The nigga was too cocky and the fact that he was the one Nairobi chose to keep her bed warm while she was gone?

Shit sat in my chest like lead. I kept telling myself it wasn’t personal—she wasn’t mine.

And once she left, I realized she’d never really been.

But that didn’t stop my jaw from clenching every time I thought about them together.

“Yo,” Jelani said, slamming the crate shut. “I heard your girl’s back.”

“Who?” I asked, knowing damn well who he was talking about.

It’d been a week since I pulled up outside her condo like a lovesick teenager.
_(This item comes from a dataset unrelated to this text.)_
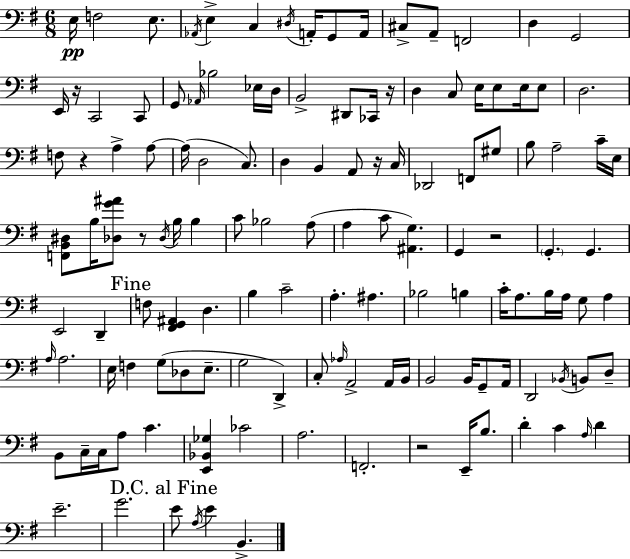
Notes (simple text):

I knew she wouldn’t let me up, but I couldn’t help myself. She hadn’t reached out to me since, and I’d been keeping my distance.

Didn’t mean I wasn’t keeping tabs though.

Slim sucked his teeth. “So you actin’ brand new now?”

“I’m single,” I muttered.

“Yeah aight,” he snorted.

“I don’t know what the fuck y’all are goin’ on about.” I pulled out my phone to check her location again. She was still at her mom’s.

“Mmhm,” Jelani grinned, leaning against a crate. “Slim, how much you wanna bet this nigga already seen her? Mr. Hack-the-Planet probably got her geotagged like endangered wildlife or some shit.”

I cut my eyes at him. “Whatever, nigga.”

She wasn’t geotagged exactly—but it wasn’t that difficult to hack The Agency’s servers after she disappeared in New York. I didn’t do anything too wild, just enough to see what cities she was working in and who her marks were. I wasn’t trying to interfere. I just needed to know she was okay.

And maybe… maybe I’d flown out once or twice.

Miami was the first time when I thought I could convince her to come back.

I watched her lure Hunter Barlowe in with that smile—made him feel like he was the one pulling her when she was building this web around him.

A year later I did it again in Morocco. It was a mercenary this time, a real big motherfucker.

But the result was the same. She was art in motion, and I was the idiot standing outside the exhibit, obsessed.

I stopped after Morocco after I started noticing a pattern in her movements.

Every time she had a job in New York, she’d stay longer than necessary.

A few extra days here and there. It didn’t take long to figure out why.

She was spending time with CJ. Once I saw that, I deleted the back door I’d built into The Agency’s servers and told myself I was done.

Watching her move on was something I wasn’t built for.

I’d never say that shit out loud though.

I slipped the phone back in my pocket and glanced at the two of them. “We done here or y’all still got more jokes?”

Slim shook his head. “You been scowling all tense like you finna punch a hole in the wall. What happened when you went to Miami?”

I rubbed a hand over my head. “Ain’t shit to say. She obviously didn’t want to come back.”

Slim squinted. “But you checking her location, though.”

“I wasn’t checking her location.”

“Have you at least talked to her?” Jelani asked. “Money said her pops died. Is she good?”

I bristled. Why the fuck were they so interested in my love life?

I turned to Slim. “I ever bother you about the chick in Brooklyn? Or you going back and forth with my sister?”

His face dropped.

I looked over at Jelani next. “I ever press you when you and Monica were beefing and making up every other day?”

“Hold up,” Jelani said, holding his hands up. “Not too much. Me and Monica good right now.”